Discussion in 'Math Research' started by Alan, Apr 18, 2004.

1. ### AlanGuest

I would appreciate any suggestions on the following problem.
As part of a WH factorization problem, I have a
function G(z), with z a complex number, and q > 0 a real number,
of the form

G(z) = q + z^2 - (F(z) - 1).

For my problem, F(z) is the fourier transform (f.t.) of a
probability density on (-infinity, infinity). Specifically, I have

F(z) = \int e^(I z x) [ c e^(eta x) 1(x < 0) + f(x) 1(x >0) ] dx,

where c and eta are positive constants, independent of x or z.
The integral is over the entire real x-axis.

In other words, F(z) is the f.t. of the sum of two probability densities.
One is an exponential density with support on (x < 0).
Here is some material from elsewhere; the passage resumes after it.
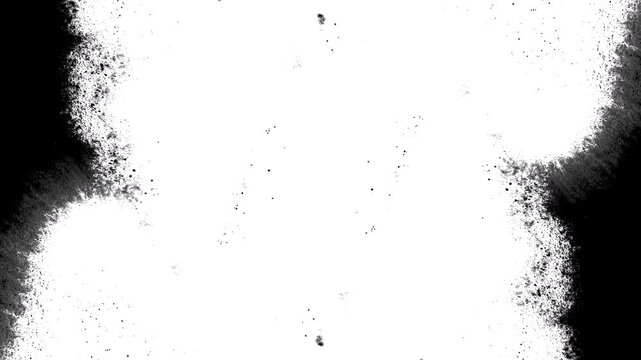 Black ink artistic flow grundge splatter spots spills white paper beautiful reveal dripping streaks spread fluid ink alpha matte isolated watercolor ink drops transition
The
other is a completely arbitrary (real, integrable) density f(x) with support
on (x > 0).
Assume the entire density is normalized to one in the usual way: F(0) = 1,
which means that G(0) = q > 0.

My question (below) concerns the zeros of G(z)
in the upper half z-plane Im z > 0.

It's easy to show that G(z) is analytic in Im z > 0, except for a
simple pole at z = i eta. It's also easy to show that G(z) has
two purely imaginary zeros i a (q) and i b(q),
such that 0 < a < eta < b. [To see it, draw a graph of G(i y), y real,
and remember that eta > 0.]

I can also prove that G(z) has no other zeros in the strip 0 < Im z < a(q).

What I cannot prove directly yet, but strongly believe to be true, is that
G(z) has *no other zeros* in Im z > 0 [In particular for Im z >= a(q)].

[If f(x) = 0, the assertion is trivial because then G(z) is a
ratio of polynomials.The numerator polynomial is a cubic,
with 3 roots in known locations, two on the upper
imaginary axis an one on the lower imaginary axis.]

Any suggestions on establishing this last part, for non-trivial f(x),
would be most welcome. If you can see an f(x) which provides a
counter-example to the assertion, that would be very interesting,
too, and most surprising.

regards,
alan

Alan, Apr 18, 2004